I have tried to REINDEX
:
REINDEX INDEX rank_details_pkey;
ERROR: could not create unique index "rank_details_pkey"
DETAIL: Table contains duplicated values.
The index is defined as:
<table info here>
Indexes:
"rank_details_pkey" PRIMARY KEY, btree (user_id)
And, oddly,
SELECT user_id, COUNT(*) FROM <table name> GROUP BY 1 HAVING COUNT(*) > 1;
user_id | count
---------+-------
(0 rows)
To conclude - I have duplicate values in my table which can not be found or cleared.
Any ideas how to fix this? This is a production server, so all fixes should be done without affecting service.
-
2You might want to look at the plan of the grouping query to check that it doesn't use the index.Peter Eisentraut– Peter Eisentraut2011年08月18日 18:37:36 +00:00Commented Aug 18, 2011 at 18:37
1 Answer 1
There are various ways this can happen in Oracle - I'm not sure about postgres, but I think I would call this an "integrity violation" rather than "corruption"
Perhaps you can do one of the things suggested here, ie set enable_indexscan = off
or
begin;
drop index rank_details_pkey;
select user_id, count(*) from rank_details group by user_id having count(*) > 1;
rollback;
But "there are likely some locking issues with this, so be careful with it in production"

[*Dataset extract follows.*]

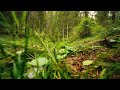 toni cotolí canto a la lluvia gayatri mantra feat lupe catalá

The idea is to force the query to scan the table rather than just the index (which does not have the duplicates). You may also, and more simply, be able to acheive the same by:
select user_id, f(<some other column>), count(*)
from rank_details
group by user_id, f(<some other column>)
having count(*) > 1
where f() returns a constant, which may trick the planner into a table scan.